In case you don’t know Gaucho is one of the main players in the London steak circuit alongside the likes of The Hawksmoor, Goodman and a whole host of grill shops joining the band wagon from those selling rare breed Gallician cuts to those serving butchers favourites. Gaucho Broadgate has been around since 2005 and stylistically just like their other 12 London venues it makes a modern statement. There is a good sized glass enclosed bar, alfresco terrace & a plush 150-seat restaurant on the lower ground. It serves Argentine beef which is dry aged onsite with fine wines and cocktails. It’s City based so expect a lot of suits, I was one of them as my boss was treating me for having a good month.
They have function rooms too.
Everything is adorned with cow hide fabrics and designer furnishings.
I’ve been here a few times before and when the front of house asked if I’d like to know about the steak board I ALWAYS say yes! It never gets boring as its visual feast for the eyes. It’s a little presentation of the meat on offer – this includes, what cut it is, how best to cook it according the fat content.
From the left, there is the rump, fillet, rib-eye and sirloin.
I always say first impressions count so the bread has always got to be good. My favourite is the Pao de Queijo – the ball shaped cheese bread that is profoundly superb and I always ask for a third helping! The potato bread and sour dough is good too which comes with chimichurri.
It’s crisp on the outside with a dense chewy inside. You can really taste that tangy, nutty sweet cheese.
Ancho rib-eye – it’s marbled throughout, full-bodied in flavour and is juicy till the last drop. They come in 225g medallions at £19.95, 300g for £26.95, 400g for £32.95 and what you see below is a 500g at £40.20.
The steak is well rested when it comes to the table and I always slice it in half whilst I’m eating it for maximum effect on the juices.
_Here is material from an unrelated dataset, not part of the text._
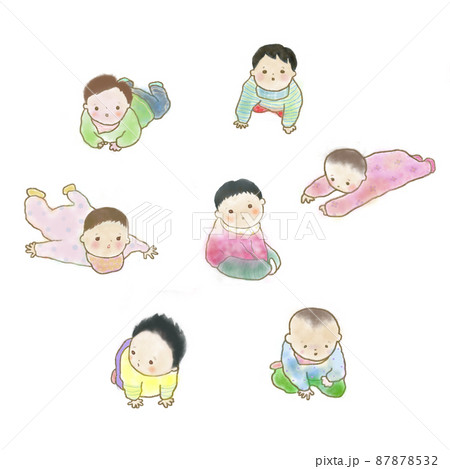 ハイハイやおすわりする赤ちゃんの集まりのイラスト素材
The well done bits on the edge carry good flavour too but the centre is where the action is at. I always order mid-rare – no condiments are needed.
Lomo fillet – the leaner and the most tender from the beast but the downside is that it’s delicate in flavour. 225g Medallions come at £30.45, 300g for £36.95 which you can see below. They even come in at 400g for £47.95 and a whopping 500g at £60.40.
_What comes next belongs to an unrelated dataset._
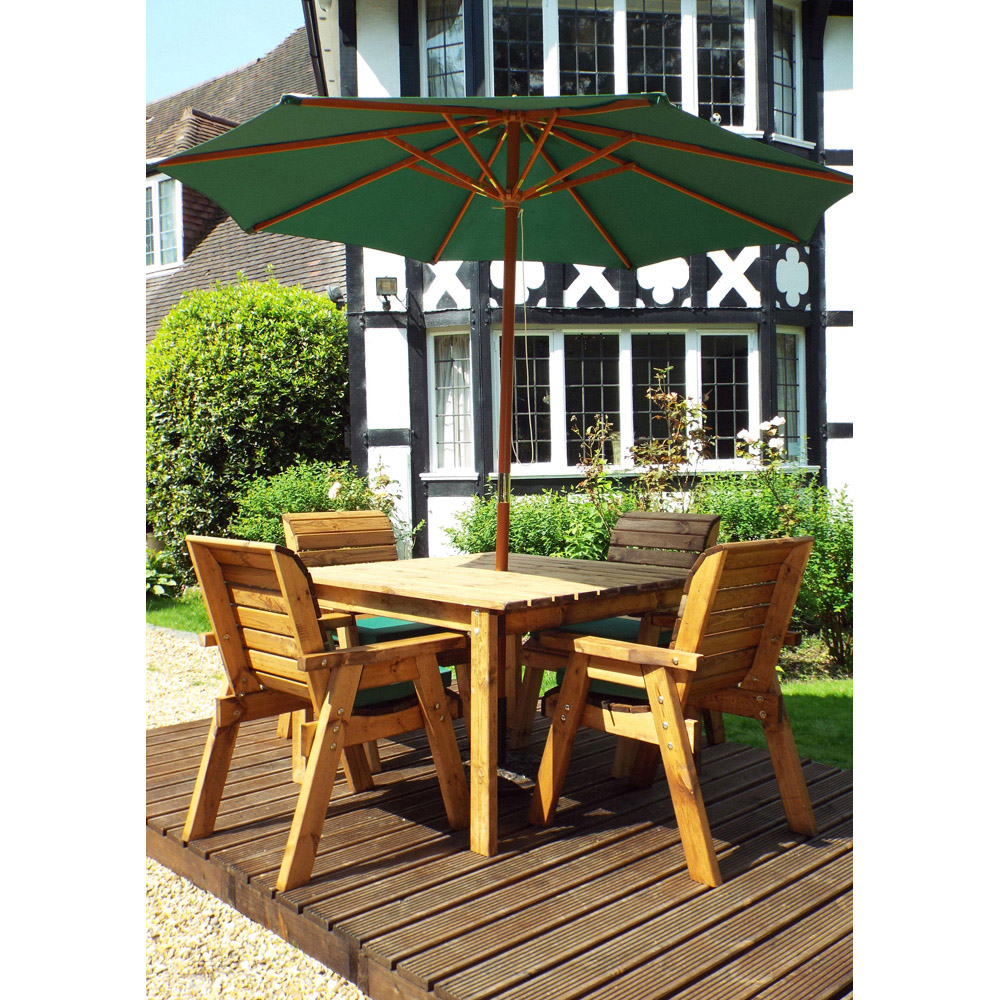 Charles Taylor Solid Wood 4 Seater Square Outdoor Dining Set with Green Cushions Image 6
Rare is the order of the day.
Here come the sides –
Humita Saltena £4.95 – a deeply flavoured sweetcorn/mozarella mix further enhanced by the corn husk it’s good in. The result was an intense corn flavour – think about the sweets corn if ever had multiplied by 3. It can only be a good thing. I wish you’d get more for a fiver.
Spinach with garlic and lemon £4.95. It’s a staple.
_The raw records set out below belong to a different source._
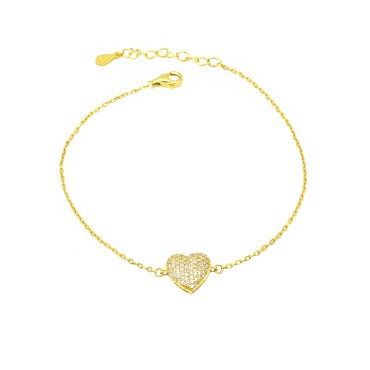 Bracciale maglia forzatina con cuore centrale a pavè di zirconi bianchi traforato dietro placcato oro giallo in argento 925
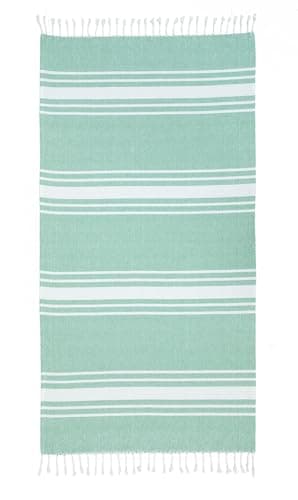 Adore Cotton Rich Hammam Beach Towel 90 x 170cm - Green Stripe — view 4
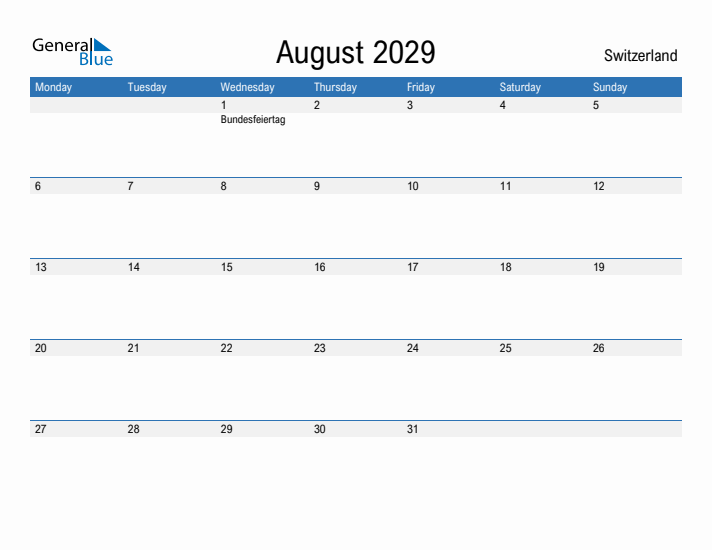 Fillable August 2029 Calendar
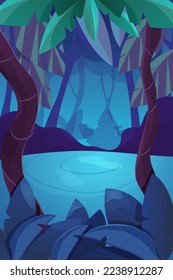 Jungle forest game splash screen, vertical background dark magic night in cartoon style. Ui design elements trees, plants, leaves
Fat chips hand-cut and twice cooked. They could have been much crispier but not bad overall.
Whole roasted cauliflower cheese with parmesan cream £9.95. This wasn’t perfect either as that all important al dente crunch wasn’t there – it reminded me of a friends mum who used to boil her vegetables to death. Ok so it wasn’t that bad but you get the picture.
I was admiring the spirits at the bar on the way out and the bartender collared us to share a tasting of this beautiful gin freshly delivered on the day. It would be an obligation to do so!
When did I go? Sept 2016
The damage: Expect to pay £70 – £80 per head with a bottle of plonk.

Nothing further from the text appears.